Content starts

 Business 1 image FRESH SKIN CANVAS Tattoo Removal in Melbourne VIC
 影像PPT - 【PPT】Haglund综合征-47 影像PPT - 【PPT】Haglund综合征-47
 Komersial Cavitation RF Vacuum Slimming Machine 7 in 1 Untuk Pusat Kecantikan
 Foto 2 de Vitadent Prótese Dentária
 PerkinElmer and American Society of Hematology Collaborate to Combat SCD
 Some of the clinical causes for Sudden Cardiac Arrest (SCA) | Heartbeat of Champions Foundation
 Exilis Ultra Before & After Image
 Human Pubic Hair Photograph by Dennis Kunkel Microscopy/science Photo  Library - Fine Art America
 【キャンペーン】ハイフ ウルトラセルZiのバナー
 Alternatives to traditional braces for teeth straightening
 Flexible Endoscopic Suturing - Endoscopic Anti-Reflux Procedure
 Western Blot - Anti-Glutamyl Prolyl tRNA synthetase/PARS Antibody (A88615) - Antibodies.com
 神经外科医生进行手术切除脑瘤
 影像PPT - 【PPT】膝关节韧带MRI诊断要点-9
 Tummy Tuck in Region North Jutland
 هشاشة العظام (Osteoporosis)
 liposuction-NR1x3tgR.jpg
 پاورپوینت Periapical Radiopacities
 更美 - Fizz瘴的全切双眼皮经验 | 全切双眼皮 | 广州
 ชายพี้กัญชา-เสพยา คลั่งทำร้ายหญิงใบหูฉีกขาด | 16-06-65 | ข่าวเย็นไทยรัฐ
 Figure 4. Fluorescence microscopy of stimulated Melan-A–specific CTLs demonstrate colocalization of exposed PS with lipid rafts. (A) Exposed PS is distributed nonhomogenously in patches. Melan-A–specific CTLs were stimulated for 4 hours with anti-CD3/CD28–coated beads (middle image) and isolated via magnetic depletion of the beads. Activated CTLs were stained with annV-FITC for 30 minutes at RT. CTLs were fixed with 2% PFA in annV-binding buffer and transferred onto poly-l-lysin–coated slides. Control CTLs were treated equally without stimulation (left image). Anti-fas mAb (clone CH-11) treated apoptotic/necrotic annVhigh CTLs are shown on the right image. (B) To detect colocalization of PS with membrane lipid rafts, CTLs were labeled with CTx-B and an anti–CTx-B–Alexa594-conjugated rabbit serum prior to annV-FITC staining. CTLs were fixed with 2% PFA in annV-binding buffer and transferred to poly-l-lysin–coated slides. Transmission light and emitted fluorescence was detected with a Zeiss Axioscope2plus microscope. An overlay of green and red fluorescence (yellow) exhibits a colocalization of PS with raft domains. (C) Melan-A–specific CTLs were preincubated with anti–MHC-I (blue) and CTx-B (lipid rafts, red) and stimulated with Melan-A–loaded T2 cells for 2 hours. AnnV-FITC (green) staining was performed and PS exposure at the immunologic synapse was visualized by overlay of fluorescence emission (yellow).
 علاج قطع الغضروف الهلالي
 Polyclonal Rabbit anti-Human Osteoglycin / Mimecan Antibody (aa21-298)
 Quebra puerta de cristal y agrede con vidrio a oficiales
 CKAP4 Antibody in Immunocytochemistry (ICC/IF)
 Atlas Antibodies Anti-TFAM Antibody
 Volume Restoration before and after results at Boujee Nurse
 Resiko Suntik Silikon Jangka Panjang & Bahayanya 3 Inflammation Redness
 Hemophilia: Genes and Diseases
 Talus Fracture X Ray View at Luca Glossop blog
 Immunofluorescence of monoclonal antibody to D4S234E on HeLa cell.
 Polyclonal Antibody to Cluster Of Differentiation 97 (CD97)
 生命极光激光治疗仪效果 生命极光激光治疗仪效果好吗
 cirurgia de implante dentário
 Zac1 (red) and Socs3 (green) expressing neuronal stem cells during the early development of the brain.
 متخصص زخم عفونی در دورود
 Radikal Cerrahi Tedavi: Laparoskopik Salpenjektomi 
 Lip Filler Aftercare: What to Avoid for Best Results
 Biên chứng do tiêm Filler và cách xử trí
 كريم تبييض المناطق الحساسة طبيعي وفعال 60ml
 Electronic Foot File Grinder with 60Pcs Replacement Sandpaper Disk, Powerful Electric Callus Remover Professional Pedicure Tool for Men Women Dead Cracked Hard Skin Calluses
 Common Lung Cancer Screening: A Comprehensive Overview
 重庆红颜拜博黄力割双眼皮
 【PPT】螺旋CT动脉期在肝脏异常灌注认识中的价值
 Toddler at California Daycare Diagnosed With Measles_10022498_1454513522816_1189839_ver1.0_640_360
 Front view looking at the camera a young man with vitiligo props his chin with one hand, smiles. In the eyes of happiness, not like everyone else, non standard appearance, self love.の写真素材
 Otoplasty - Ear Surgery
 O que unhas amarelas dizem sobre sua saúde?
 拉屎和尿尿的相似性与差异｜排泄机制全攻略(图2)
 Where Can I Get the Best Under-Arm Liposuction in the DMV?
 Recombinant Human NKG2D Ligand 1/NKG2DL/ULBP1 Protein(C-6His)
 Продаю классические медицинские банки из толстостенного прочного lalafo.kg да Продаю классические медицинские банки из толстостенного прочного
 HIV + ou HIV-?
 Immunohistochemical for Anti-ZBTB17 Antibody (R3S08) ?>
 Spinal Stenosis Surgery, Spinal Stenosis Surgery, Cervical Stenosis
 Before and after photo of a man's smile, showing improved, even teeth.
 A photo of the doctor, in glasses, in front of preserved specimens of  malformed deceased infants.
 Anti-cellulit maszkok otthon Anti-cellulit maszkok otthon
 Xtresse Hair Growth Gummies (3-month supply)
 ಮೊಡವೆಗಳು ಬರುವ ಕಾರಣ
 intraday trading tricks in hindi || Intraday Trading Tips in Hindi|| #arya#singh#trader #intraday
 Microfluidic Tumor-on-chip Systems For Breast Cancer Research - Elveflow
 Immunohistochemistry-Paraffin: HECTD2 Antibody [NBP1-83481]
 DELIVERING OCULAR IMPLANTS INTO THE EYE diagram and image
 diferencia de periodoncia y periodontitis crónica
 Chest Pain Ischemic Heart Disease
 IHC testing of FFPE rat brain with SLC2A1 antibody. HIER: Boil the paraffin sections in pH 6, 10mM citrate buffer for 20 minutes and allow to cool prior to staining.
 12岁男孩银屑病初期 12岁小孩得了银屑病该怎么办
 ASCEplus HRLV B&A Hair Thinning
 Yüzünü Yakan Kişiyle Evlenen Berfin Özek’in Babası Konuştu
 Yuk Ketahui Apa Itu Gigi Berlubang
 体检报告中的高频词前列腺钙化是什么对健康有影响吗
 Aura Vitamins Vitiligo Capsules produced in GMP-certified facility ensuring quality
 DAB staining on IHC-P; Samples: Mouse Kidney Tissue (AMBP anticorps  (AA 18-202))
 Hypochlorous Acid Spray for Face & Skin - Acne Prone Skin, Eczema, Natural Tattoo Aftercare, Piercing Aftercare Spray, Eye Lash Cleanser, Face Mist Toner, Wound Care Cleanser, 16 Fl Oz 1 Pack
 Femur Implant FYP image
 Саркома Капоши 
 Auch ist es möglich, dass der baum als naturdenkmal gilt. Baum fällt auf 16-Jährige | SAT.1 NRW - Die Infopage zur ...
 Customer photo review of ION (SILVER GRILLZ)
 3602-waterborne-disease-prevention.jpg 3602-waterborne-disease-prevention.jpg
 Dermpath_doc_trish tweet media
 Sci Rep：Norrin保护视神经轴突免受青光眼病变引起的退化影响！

Content ends

▶ [TASK DETAILS]:
Copy out each line of the listing that contains the word "Filler".

▶ [WRITTEN REPLY]:
 Lip Filler Aftercare: What to Avoid for Best Results
 Biên chứng do tiêm Filler và cách xử trí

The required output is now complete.